* **Aim of the exercise**
The required answer is an exact copy of the lines from the one containing "За работу охранником" to the end of the listing, both included, without any pictures.

* **Study material**
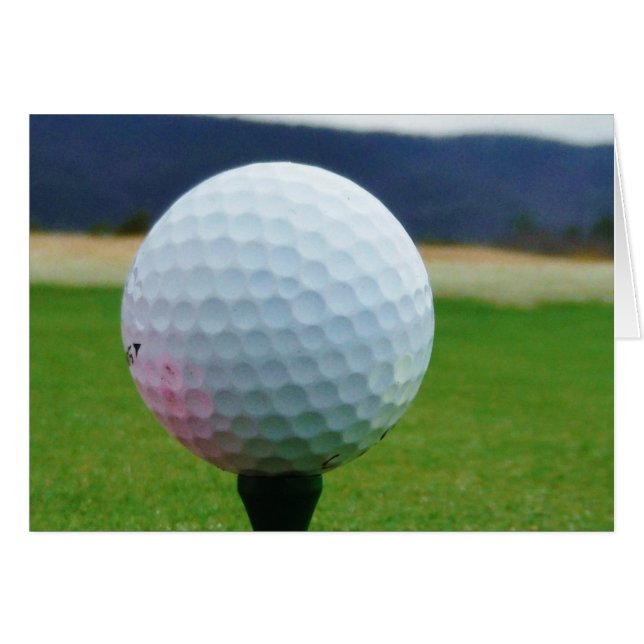 Cartão Golf Ball em um campo de golfe na montanha (Frente Horizontal)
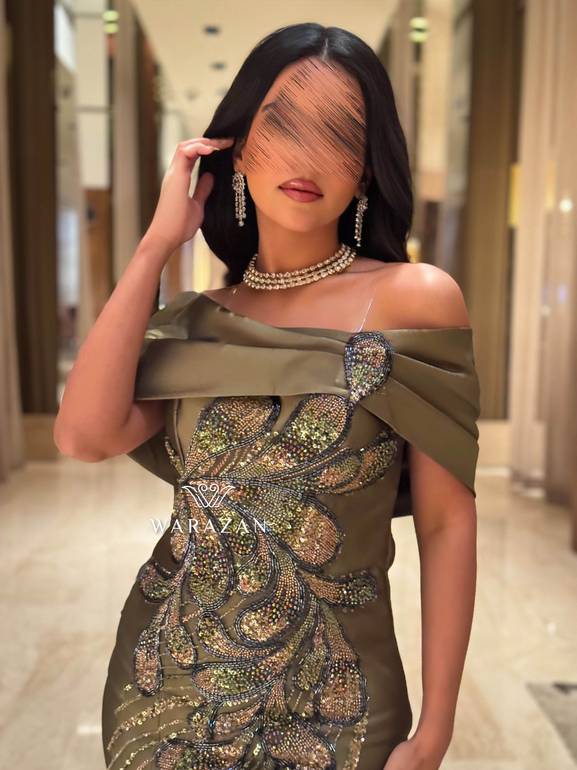 فساتين ورود بتصميم سهرة مع كسرات أنيقة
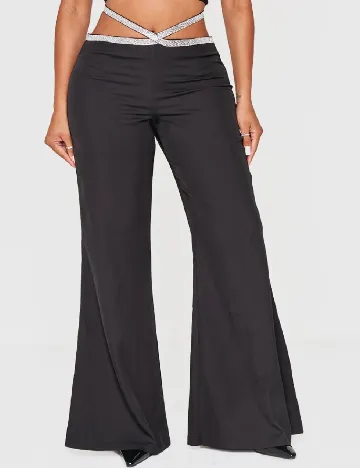 Pantaloni PRETTYLITTLETHING, negru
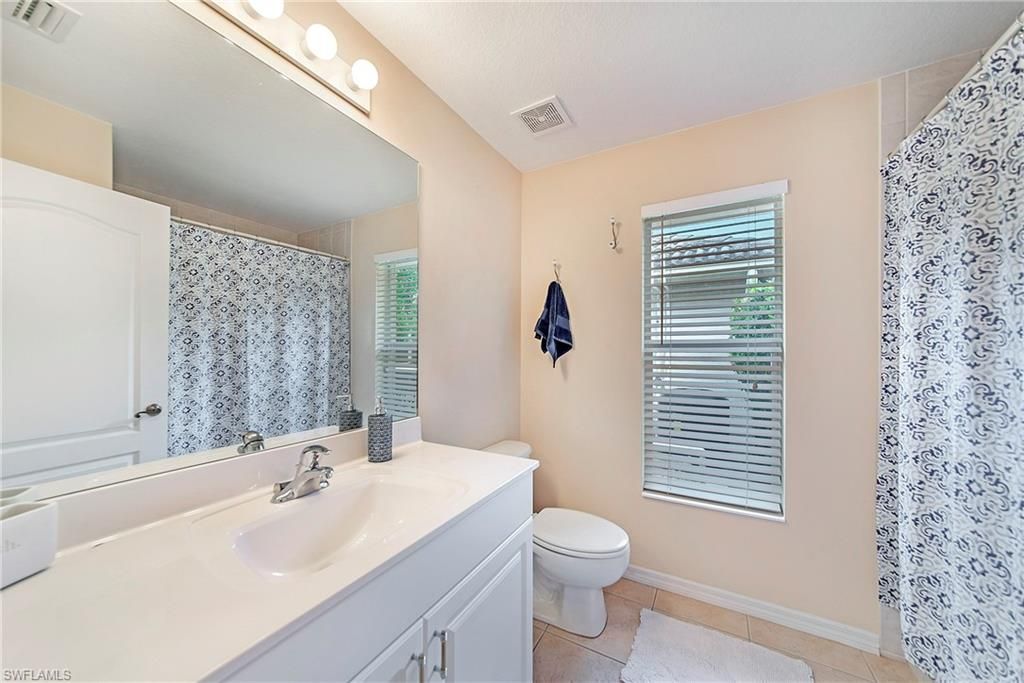 1032 Tivoli Ln, Naples, FL 34104 Photo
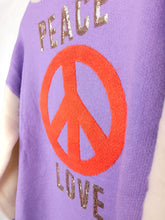 Lade das Bild in den Galerie-Viewer, PULLOVER WOLLMIX LOVE &amp; PEACE COLLEGE STYLE LILA ONE SIZE
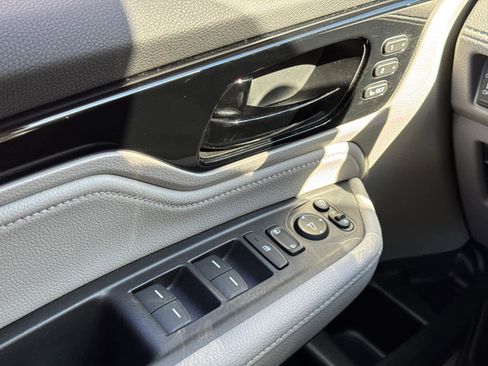 Certified 2023 Honda Odyssey Elite image 25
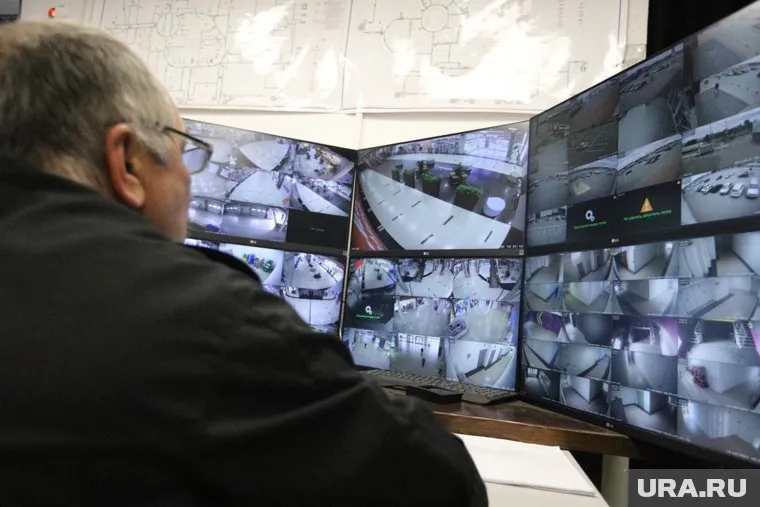 За работу охранником на Сахалине курганцам обещают до 100 тысяч рублей на руки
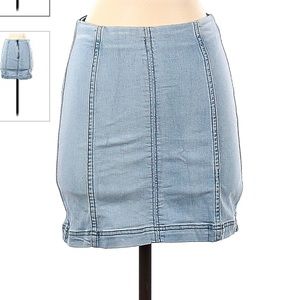 Free people light wash denim skirt
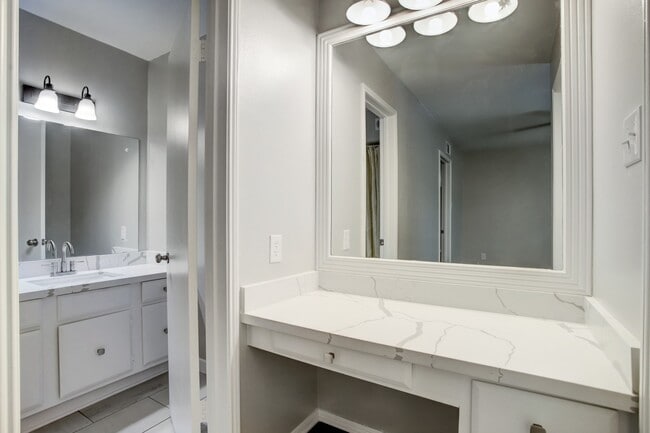 Photo - 353 N Post Oak Ln Unit 819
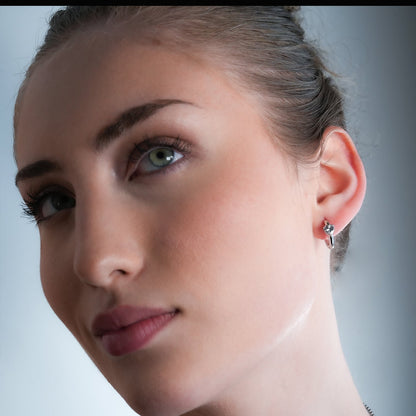 PELLA Or Blanc (Plaqué Argent) : Mini Créoles avec Moissanite en Forme de Cœur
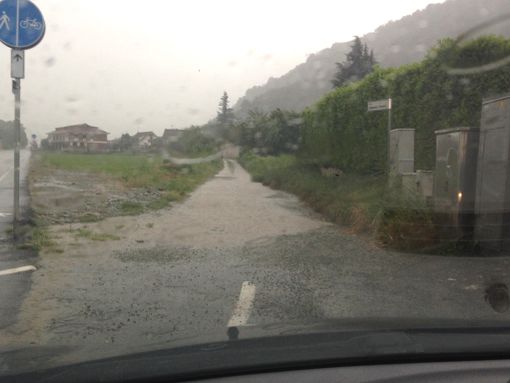 Alcune immagini di via Pedrini, dopo mezza giornata di pioggia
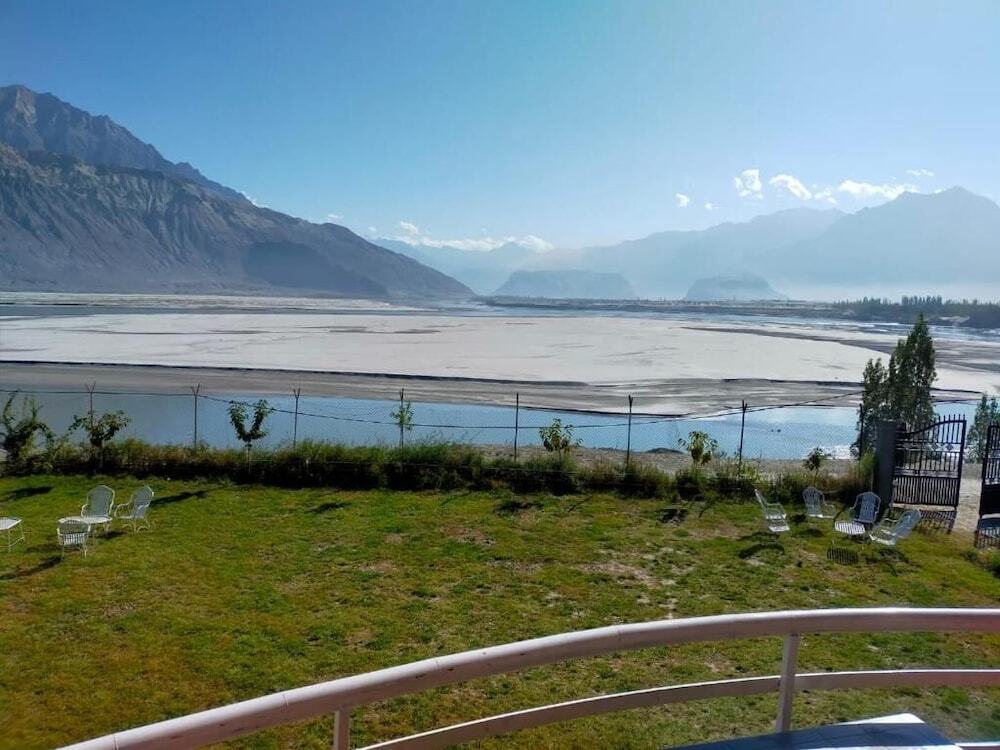 Eat and Read Hotel Shigar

* **Task solution**
 За работу охранником на Сахалине курганцам обещают до 100 тысяч рублей на руки
 Free people light wash denim skirt
 Photo - 353 N Post Oak Ln Unit 819
 PELLA Or Blanc (Plaqué Argent) : Mini Créoles avec Moissanite en Forme de Cœur
 Alcune immagini di via Pedrini, dopo mezza giornata di pioggia
 Eat and Read Hotel Shigar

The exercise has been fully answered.